--- Provided data ---
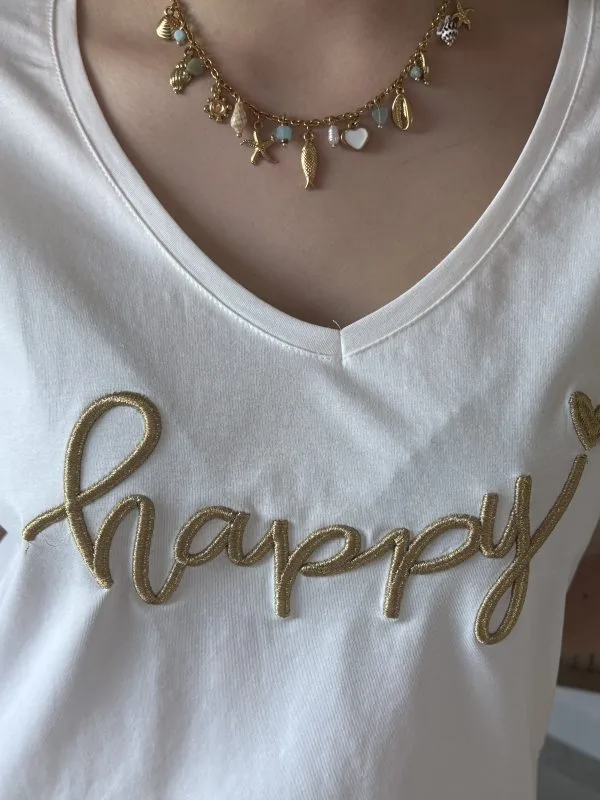 T shirt blanc doré – col V “HAPPY” Milanah
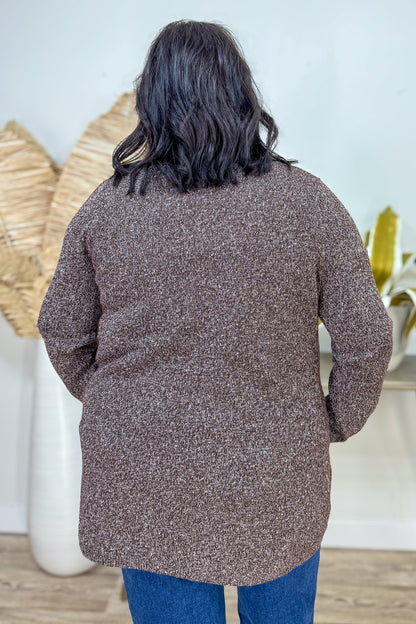 Dark Brown Speckled Sweater Cardigan back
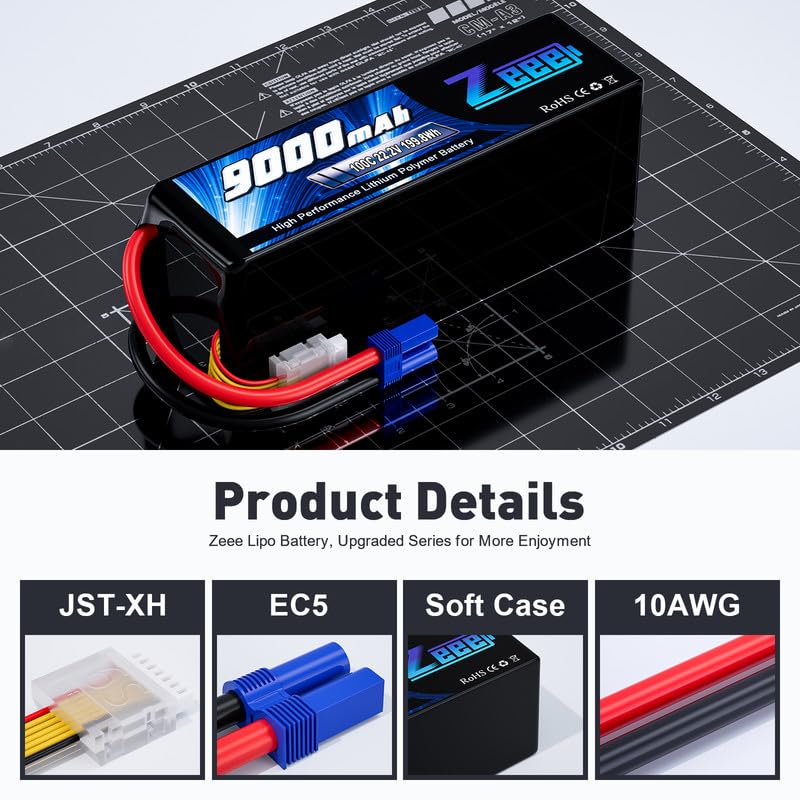 Zeee 6S Lipo Battery 9000mAh 22.2V 100C Soft Case RC Battery EC5 Connector with Metal Plates for RC Car Truck Desert Racer RC Ta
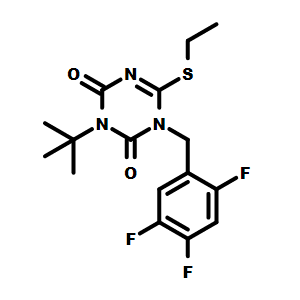 3-(叔丁基)-6-(乙硫基)-1-(2,4,5-三氟芐基)-1,3,5-三嗪-2,4(1H,3H)-二酮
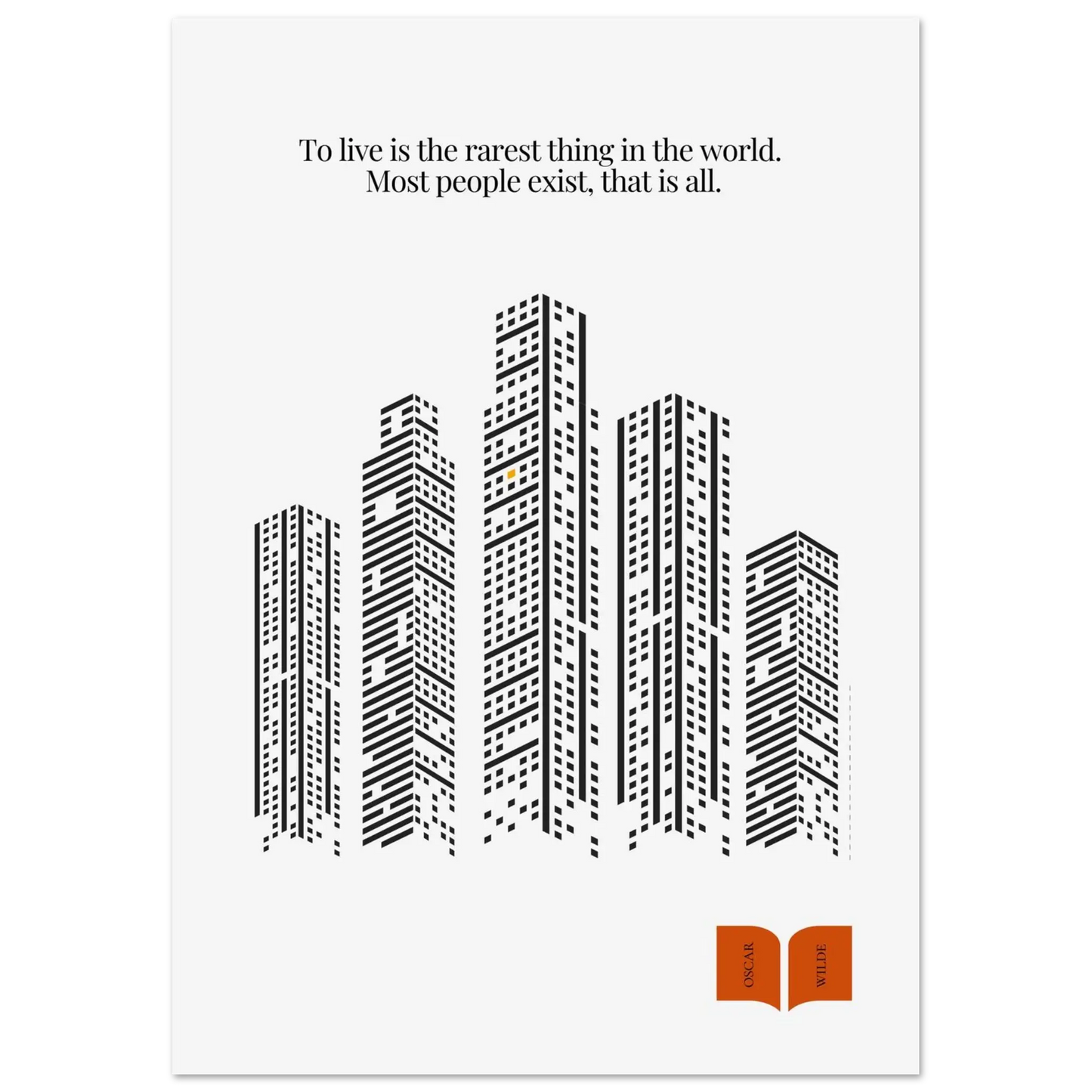 Oscar Wilde Quote Print – “To Live Is the Rarest Thing” Minimalist Wall Art - INK & FRAME STUDIO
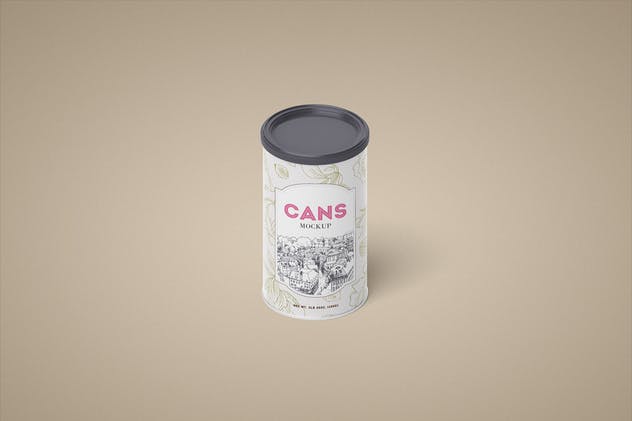 食品金属罐头包装样机 Packaging / Cans Mockup插图(2)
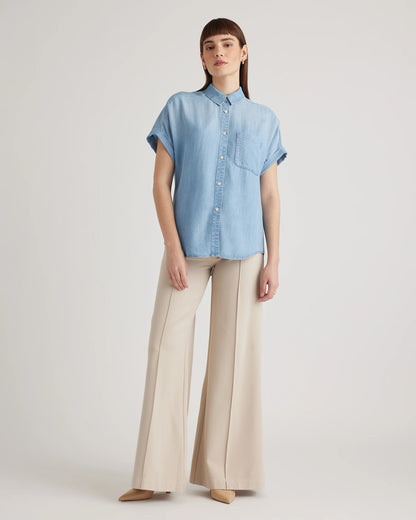 Chambray Tencel Short Sleeve Shirt - XS / Light Indigo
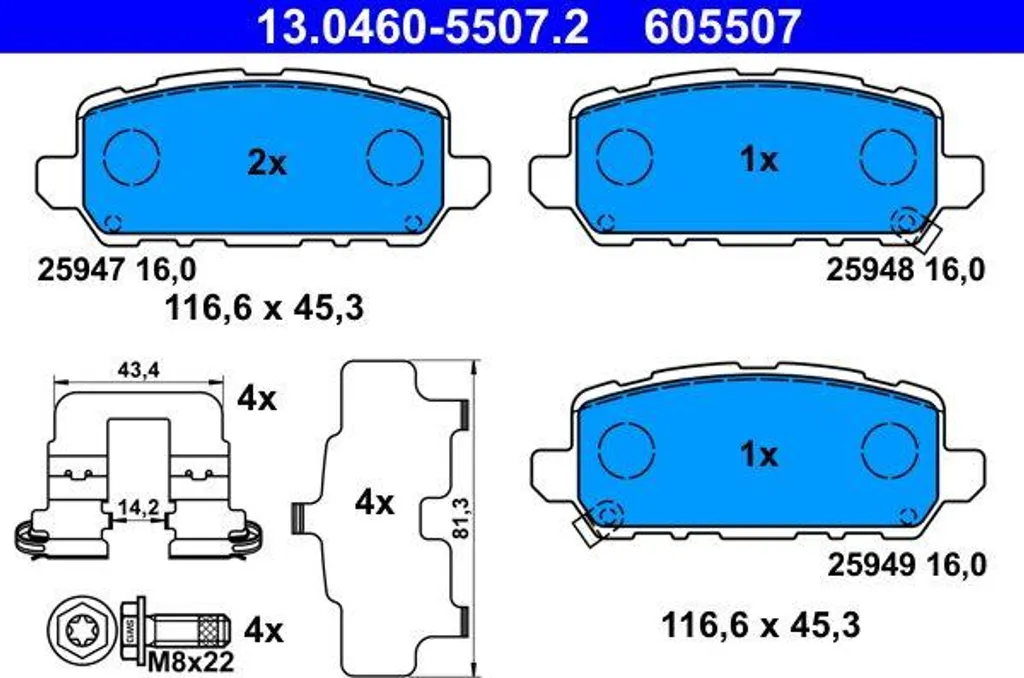 Jeu de plaquettes de frein à disque arrière compatible Honda HR-V ATE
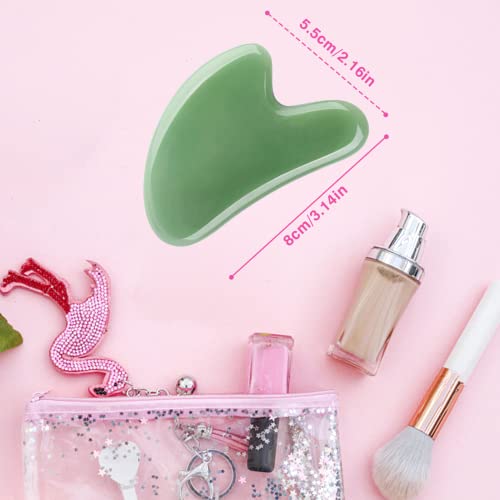 Natürliches Gua Sha Stein Jade 100% Natur-Stein Herzform Kratz-Massage Tool für Gesicht, Augen, Hals zur Hautpflege, Schönheit und Entspannung der Körpermuskulatur (Grün) - Image 7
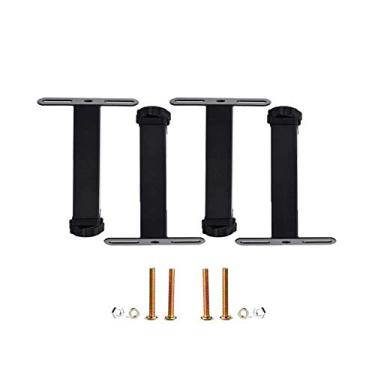 Imagem de Pés de suporte para móveis para vários estilos de camas, mesas, banheiros, altura ajustável, com acessórios, estável (preto, 18 cm)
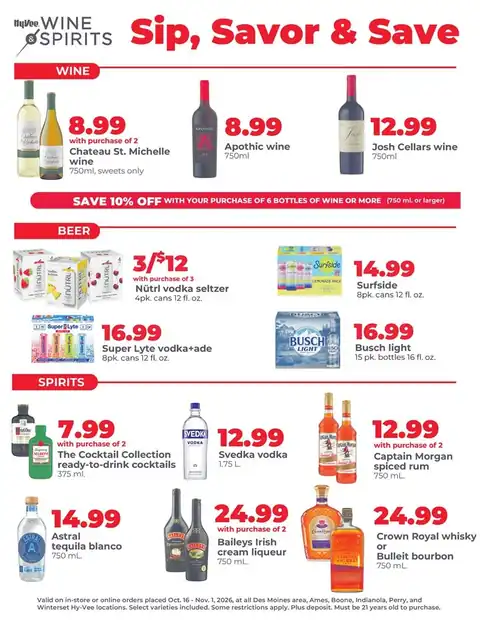 Sip, Savor & Save. Wine & Spirits Specials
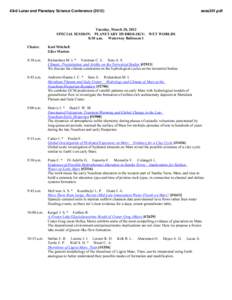 43rd Lunar and Planetary Science Conference[removed]sess201.pdf Tuesday, March 20, 2012 SPECIAL SESSION: PLANETARY HYDROLOGY: WET WORLDS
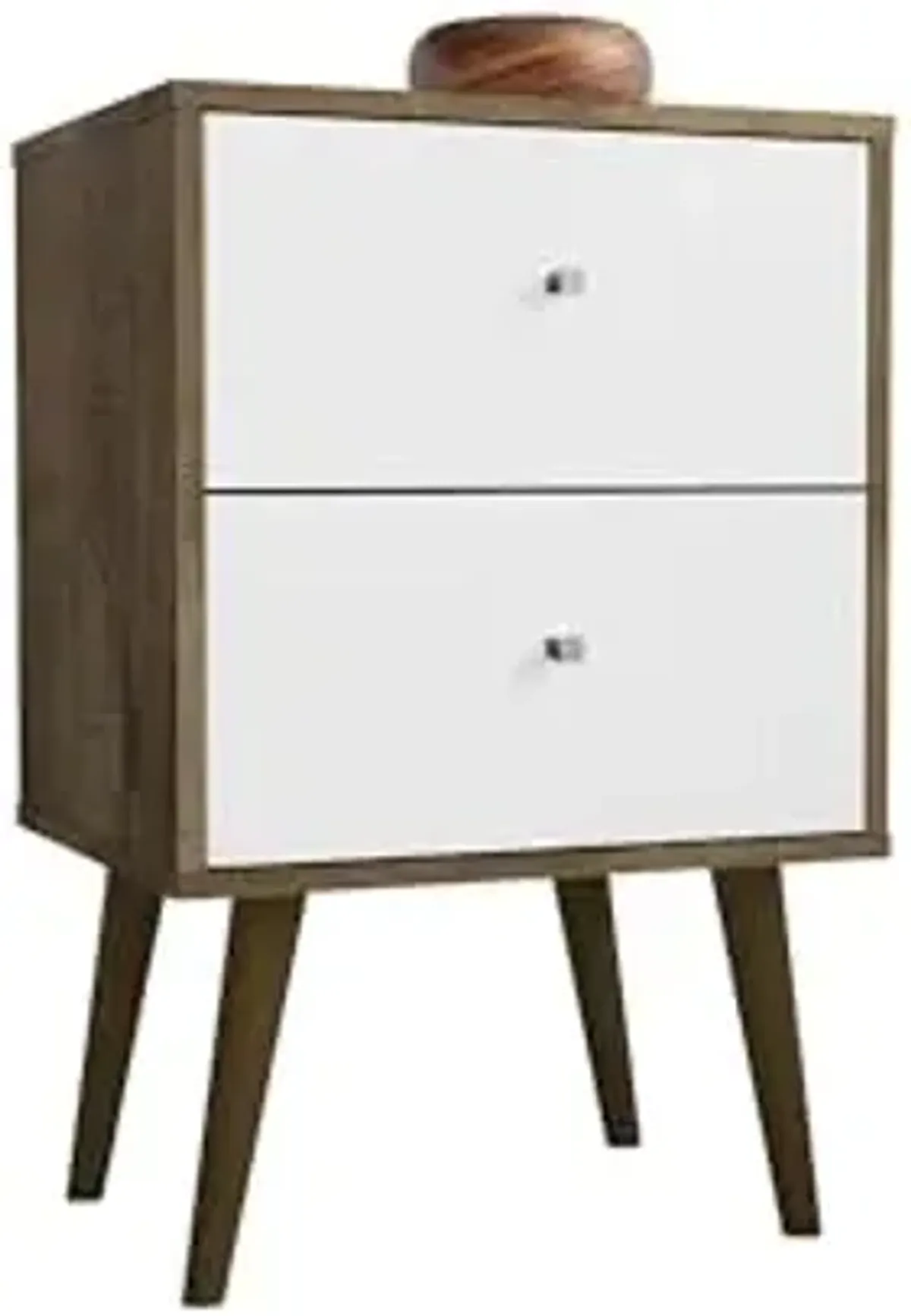 Manhattan Comfort Liberty Mid Century Modern Nightstand with Drawers, Bedside Table for Bedroom and Living Room, Night Stand Accent Decor, Easy Assembly, Brown/White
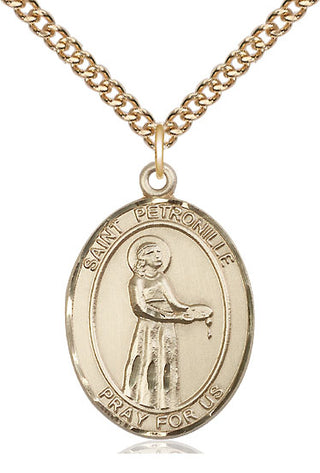 14kt Gold Filled Saint Petronille Medal Catholic Jewelry Engraved Catholic Saint Jewelry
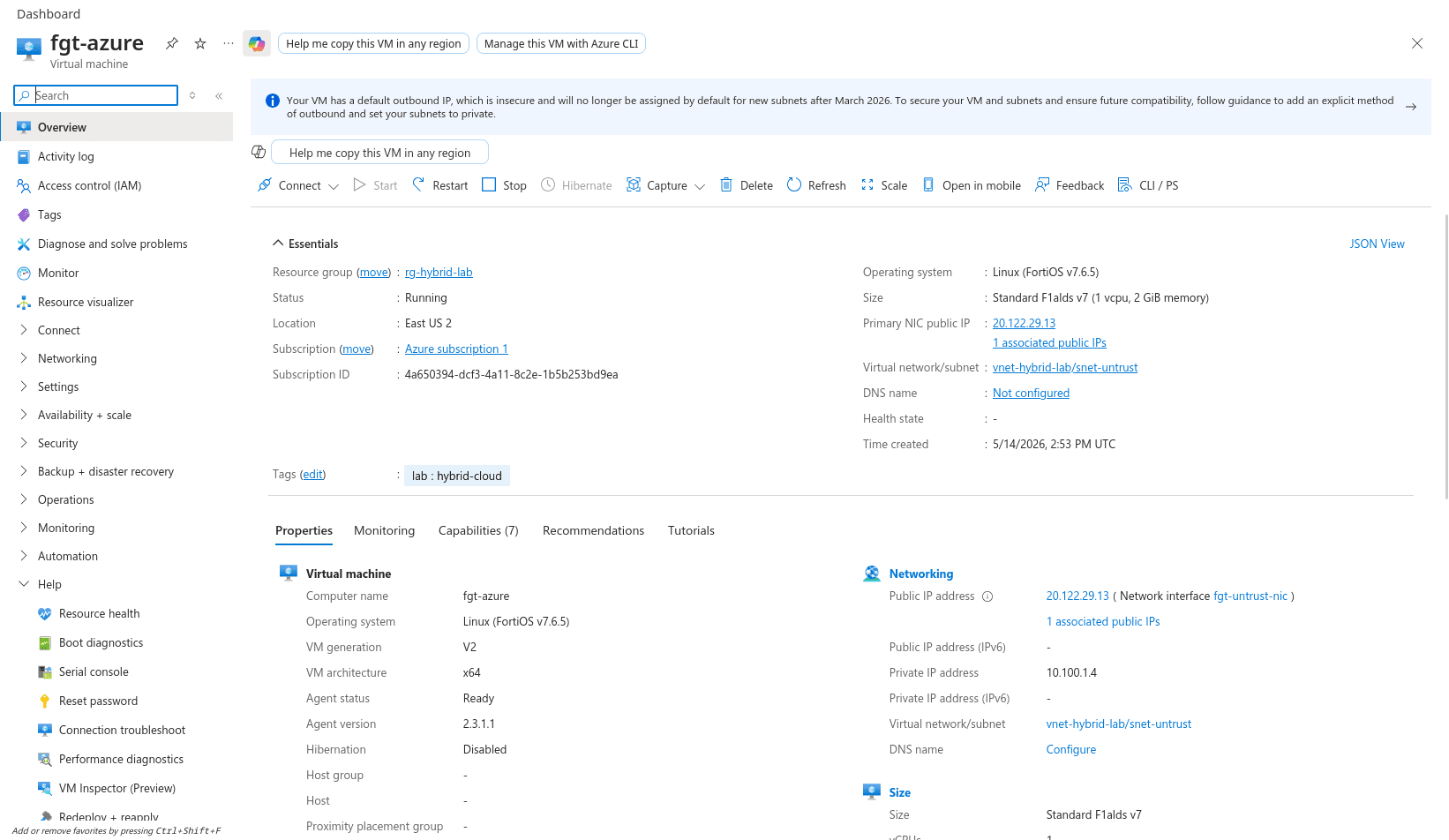 FortiGate VM overview in the Azure portal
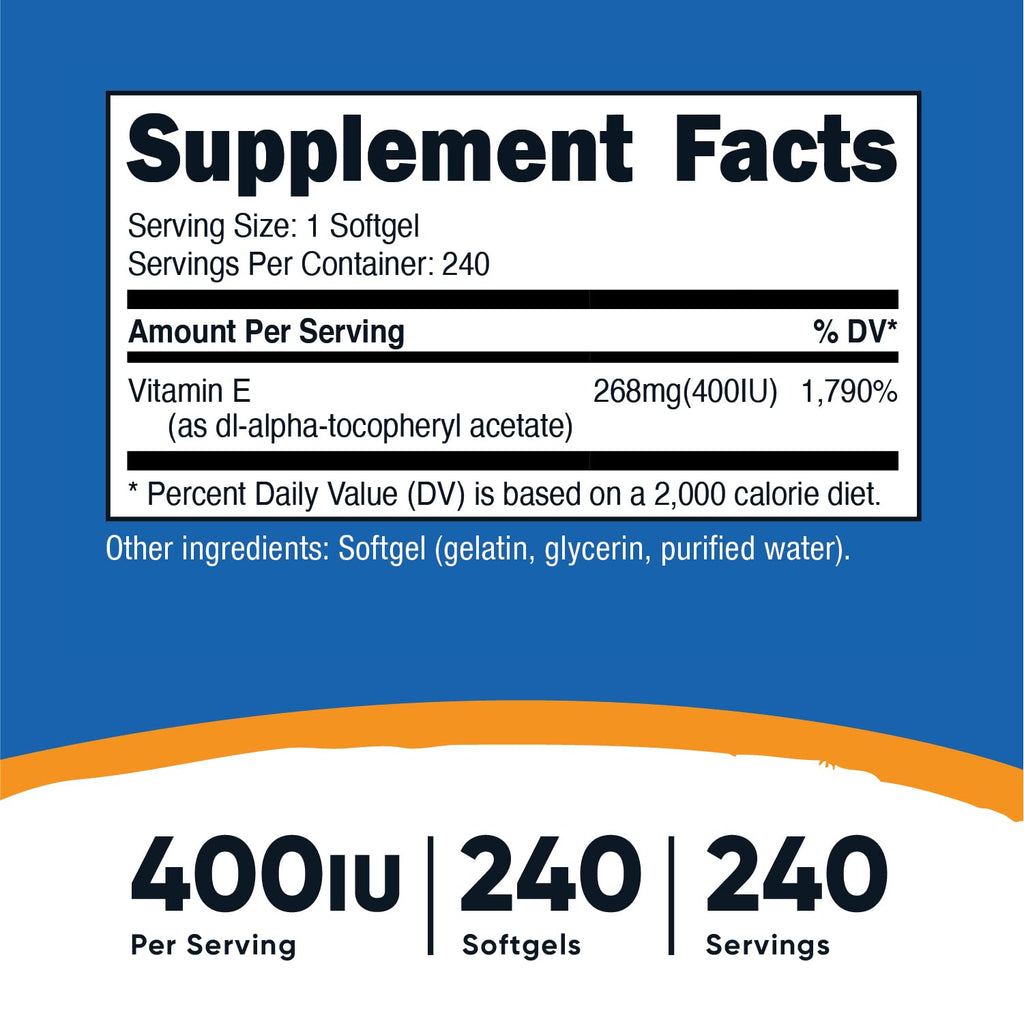Nutricost Vitamin E 400 IU, 240 Softgel Capsules (2 Bottles)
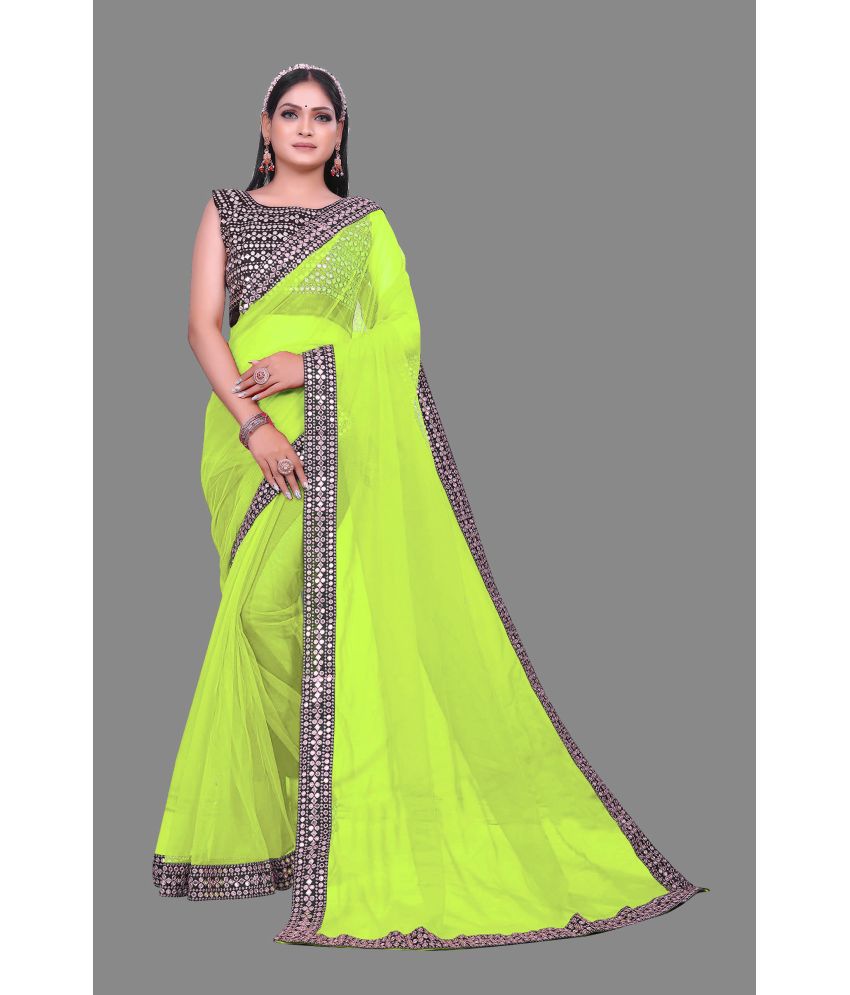     			Kenofy Sarees - Mint Green Net Saree With Blouse Piece ( Pack of 1 )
---
▸ **What is being asked**: Output every entry above exactly as written, but omit the pictures.

▸ **Response to the task**:
 T shirt blanc doré – col V “HAPPY” Milanah
 Dark Brown Speckled Sweater Cardigan back
 Zeee 6S Lipo Battery 9000mAh 22.2V 100C Soft Case RC Battery EC5 Connector with Metal Plates for RC Car Truck Desert Racer RC Ta
 3-(叔丁基)-6-(乙硫基)-1-(2,4,5-三氟芐基)-1,3,5-三嗪-2,4(1H,3H)-二酮
 Oscar Wilde Quote Print – “To Live Is the Rarest Thing” Minimalist Wall Art - INK & FRAME STUDIO
 食品金属罐头包装样机 Packaging / Cans Mockup插图(2)
 Chambray Tencel Short Sleeve Shirt - XS / Light Indigo
 Jeu de plaquettes de frein à disque arrière compatible Honda HR-V ATE
 Natürliches Gua Sha Stein Jade 100% Natur-Stein Herzform Kratz-Massage Tool für Gesicht, Augen, Hals zur Hautpflege, Schönheit und Entspannung der Körpermuskulatur (Grün) - Image 7
 Imagem de Pés de suporte para móveis para vários estilos de camas, mesas, banheiros, altura ajustável, com acessórios, estável (preto, 18 cm)
 Sip, Savor & Save. Wine & Spirits Specials
 43rd Lunar and Planetary Science Conference[removed]sess201.pdf Tuesday, March 20, 2012 SPECIAL SESSION: PLANETARY HYDROLOGY: WET WORLDS
 Manhattan Comfort Liberty Mid Century Modern Nightstand with Drawers, Bedside Table for Bedroom and Living Room, Night Stand Accent Decor, Easy Assembly, Brown/White
 14kt Gold Filled Saint Petronille Medal Catholic Jewelry Engraved Catholic Saint Jewelry
 FortiGate VM overview in the Azure portal
Nutricost Vitamin E 400 IU, 240 Softgel Capsules (2 Bottles)
     			Kenofy Sarees - Mint Green Net Saree With Blouse Piece ( Pack of 1 )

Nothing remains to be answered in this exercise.